### What you will do:
Please return the lines of the data below, word for word, from the first line through the line containing "Item preview, Tinys".
━━━ Records for this task
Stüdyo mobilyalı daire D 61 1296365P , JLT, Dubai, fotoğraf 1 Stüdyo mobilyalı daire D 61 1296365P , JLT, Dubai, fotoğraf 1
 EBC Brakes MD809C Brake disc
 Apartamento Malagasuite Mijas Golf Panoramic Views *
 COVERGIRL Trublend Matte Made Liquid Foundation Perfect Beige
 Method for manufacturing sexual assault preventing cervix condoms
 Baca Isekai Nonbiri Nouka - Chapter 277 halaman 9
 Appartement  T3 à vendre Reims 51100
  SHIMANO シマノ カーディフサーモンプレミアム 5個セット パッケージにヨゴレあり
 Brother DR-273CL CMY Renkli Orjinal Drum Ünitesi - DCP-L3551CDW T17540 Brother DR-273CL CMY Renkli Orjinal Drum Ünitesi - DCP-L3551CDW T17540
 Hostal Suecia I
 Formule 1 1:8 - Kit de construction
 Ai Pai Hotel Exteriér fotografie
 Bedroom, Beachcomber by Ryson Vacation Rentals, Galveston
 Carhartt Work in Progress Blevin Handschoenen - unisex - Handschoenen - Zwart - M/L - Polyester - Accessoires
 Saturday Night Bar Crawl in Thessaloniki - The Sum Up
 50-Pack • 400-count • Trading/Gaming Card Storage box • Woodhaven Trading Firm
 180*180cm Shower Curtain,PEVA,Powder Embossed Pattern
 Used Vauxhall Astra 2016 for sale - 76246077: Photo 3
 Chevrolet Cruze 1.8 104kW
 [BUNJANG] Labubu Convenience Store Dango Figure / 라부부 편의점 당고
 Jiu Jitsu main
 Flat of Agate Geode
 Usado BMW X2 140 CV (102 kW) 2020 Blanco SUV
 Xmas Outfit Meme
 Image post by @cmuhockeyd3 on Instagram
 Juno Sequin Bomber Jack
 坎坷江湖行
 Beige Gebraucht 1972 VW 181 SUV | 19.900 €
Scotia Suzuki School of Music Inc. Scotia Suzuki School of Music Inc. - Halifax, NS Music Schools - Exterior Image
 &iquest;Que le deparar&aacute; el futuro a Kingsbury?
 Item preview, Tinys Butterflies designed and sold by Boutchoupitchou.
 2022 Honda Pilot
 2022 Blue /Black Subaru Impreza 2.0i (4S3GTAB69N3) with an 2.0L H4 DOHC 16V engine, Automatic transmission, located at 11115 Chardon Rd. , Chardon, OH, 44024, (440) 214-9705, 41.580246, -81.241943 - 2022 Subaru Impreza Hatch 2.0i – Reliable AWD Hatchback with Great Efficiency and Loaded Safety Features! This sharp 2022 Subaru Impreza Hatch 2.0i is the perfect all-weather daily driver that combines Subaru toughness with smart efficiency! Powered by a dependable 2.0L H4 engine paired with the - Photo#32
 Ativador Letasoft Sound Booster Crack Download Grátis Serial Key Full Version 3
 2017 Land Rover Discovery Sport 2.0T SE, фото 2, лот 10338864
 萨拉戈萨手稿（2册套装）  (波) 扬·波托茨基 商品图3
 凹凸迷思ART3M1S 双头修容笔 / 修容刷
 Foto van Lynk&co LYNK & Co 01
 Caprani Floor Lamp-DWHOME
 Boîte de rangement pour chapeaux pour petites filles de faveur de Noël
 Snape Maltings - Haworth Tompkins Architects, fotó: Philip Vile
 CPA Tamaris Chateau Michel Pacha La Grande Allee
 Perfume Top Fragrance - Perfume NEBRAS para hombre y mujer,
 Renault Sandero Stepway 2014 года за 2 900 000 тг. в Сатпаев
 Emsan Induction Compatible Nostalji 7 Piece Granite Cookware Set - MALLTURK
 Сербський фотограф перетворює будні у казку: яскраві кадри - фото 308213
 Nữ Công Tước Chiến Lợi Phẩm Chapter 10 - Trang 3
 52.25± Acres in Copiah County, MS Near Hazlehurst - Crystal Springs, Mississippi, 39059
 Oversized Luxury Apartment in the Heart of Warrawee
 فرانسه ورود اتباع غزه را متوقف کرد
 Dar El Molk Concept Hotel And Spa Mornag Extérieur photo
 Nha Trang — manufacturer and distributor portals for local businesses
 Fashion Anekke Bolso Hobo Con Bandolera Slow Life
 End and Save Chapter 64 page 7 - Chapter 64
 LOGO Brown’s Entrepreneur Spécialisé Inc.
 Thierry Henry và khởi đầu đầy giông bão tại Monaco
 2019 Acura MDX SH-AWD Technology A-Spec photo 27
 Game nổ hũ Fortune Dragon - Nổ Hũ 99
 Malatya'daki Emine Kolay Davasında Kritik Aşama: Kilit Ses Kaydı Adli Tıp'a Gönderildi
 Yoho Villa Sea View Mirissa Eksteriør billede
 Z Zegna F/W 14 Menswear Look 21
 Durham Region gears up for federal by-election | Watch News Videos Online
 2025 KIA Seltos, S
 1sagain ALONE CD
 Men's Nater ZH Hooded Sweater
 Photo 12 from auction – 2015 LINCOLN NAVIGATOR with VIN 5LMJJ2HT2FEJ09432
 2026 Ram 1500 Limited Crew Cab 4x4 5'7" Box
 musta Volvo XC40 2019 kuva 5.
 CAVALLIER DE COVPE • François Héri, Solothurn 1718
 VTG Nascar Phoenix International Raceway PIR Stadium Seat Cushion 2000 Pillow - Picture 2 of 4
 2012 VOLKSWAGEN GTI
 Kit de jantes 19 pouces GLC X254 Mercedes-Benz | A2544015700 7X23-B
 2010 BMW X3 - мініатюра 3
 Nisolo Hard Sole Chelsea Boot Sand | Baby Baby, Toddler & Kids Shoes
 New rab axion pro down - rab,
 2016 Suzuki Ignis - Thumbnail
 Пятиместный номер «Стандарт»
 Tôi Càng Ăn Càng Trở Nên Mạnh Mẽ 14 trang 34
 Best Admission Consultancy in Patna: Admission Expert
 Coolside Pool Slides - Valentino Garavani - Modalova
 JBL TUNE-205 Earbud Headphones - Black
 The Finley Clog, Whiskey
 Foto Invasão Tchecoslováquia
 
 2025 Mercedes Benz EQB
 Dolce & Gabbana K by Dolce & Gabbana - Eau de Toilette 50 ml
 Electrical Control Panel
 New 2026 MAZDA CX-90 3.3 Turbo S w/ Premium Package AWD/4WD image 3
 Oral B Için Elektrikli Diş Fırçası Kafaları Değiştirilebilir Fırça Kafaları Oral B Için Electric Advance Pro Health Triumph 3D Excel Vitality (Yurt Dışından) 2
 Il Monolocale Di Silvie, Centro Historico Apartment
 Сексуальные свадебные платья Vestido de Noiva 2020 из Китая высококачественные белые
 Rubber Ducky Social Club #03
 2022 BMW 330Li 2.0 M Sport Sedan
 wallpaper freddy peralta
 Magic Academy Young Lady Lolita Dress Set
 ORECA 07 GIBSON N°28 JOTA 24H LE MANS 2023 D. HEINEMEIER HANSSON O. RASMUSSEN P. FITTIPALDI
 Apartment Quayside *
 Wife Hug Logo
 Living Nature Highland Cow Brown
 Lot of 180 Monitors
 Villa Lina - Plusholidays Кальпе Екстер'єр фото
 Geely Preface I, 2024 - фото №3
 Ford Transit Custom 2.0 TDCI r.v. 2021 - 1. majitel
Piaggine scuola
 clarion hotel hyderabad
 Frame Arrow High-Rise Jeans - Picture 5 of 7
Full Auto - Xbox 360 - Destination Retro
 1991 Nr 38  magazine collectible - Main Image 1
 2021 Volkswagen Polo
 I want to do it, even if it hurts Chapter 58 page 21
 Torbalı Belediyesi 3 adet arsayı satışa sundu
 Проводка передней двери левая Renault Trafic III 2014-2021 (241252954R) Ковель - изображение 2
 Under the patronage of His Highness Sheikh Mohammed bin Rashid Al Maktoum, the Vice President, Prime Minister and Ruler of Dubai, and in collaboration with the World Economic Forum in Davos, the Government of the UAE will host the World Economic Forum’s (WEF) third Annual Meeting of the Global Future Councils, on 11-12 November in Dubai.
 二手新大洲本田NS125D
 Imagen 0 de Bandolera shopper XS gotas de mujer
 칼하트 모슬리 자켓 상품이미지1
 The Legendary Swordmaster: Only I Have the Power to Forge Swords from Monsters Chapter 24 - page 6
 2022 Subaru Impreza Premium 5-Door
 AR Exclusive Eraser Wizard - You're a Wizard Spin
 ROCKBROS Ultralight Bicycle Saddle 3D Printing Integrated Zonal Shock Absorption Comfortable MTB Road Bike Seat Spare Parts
━━━━━━
### Exercise answer:
Stüdyo mobilyalı daire D 61 1296365P , JLT, Dubai, fotoğraf 1 Stüdyo mobilyalı daire D 61 1296365P , JLT, Dubai, fotoğraf 1
 EBC Brakes MD809C Brake disc
 Apartamento Malagasuite Mijas Golf Panoramic Views *
 COVERGIRL Trublend Matte Made Liquid Foundation Perfect Beige
 Method for manufacturing sexual assault preventing cervix condoms
 Baca Isekai Nonbiri Nouka - Chapter 277 halaman 9
 Appartement  T3 à vendre Reims 51100
  SHIMANO シマノ カーディフサーモンプレミアム 5個セット パッケージにヨゴレあり
 Brother DR-273CL CMY Renkli Orjinal Drum Ünitesi - DCP-L3551CDW T17540 Brother DR-273CL CMY Renkli Orjinal Drum Ünitesi - DCP-L3551CDW T17540
 Hostal Suecia I
 Formule 1 1:8 - Kit de construction
 Ai Pai Hotel Exteriér fotografie
 Bedroom, Beachcomber by Ryson Vacation Rentals, Galveston
 Carhartt Work in Progress Blevin Handschoenen - unisex - Handschoenen - Zwart - M/L - Polyester - Accessoires
 Saturday Night Bar Crawl in Thessaloniki - The Sum Up
 50-Pack • 400-count • Trading/Gaming Card Storage box • Woodhaven Trading Firm
 180*180cm Shower Curtain,PEVA,Powder Embossed Pattern
 Used Vauxhall Astra 2016 for sale - 76246077: Photo 3
 Chevrolet Cruze 1.8 104kW
 [BUNJANG] Labubu Convenience Store Dango Figure / 라부부 편의점 당고
 Jiu Jitsu main
 Flat of Agate Geode
 Usado BMW X2 140 CV (102 kW) 2020 Blanco SUV
 Xmas Outfit Meme
 Image post by @cmuhockeyd3 on Instagram
 Juno Sequin Bomber Jack
 坎坷江湖行
 Beige Gebraucht 1972 VW 181 SUV | 19.900 €
Scotia Suzuki School of Music Inc. Scotia Suzuki School of Music Inc. - Halifax, NS Music Schools - Exterior Image
 &iquest;Que le deparar&aacute; el futuro a Kingsbury?
 Item preview, Tinys Butterflies designed and sold by Boutchoupitchou.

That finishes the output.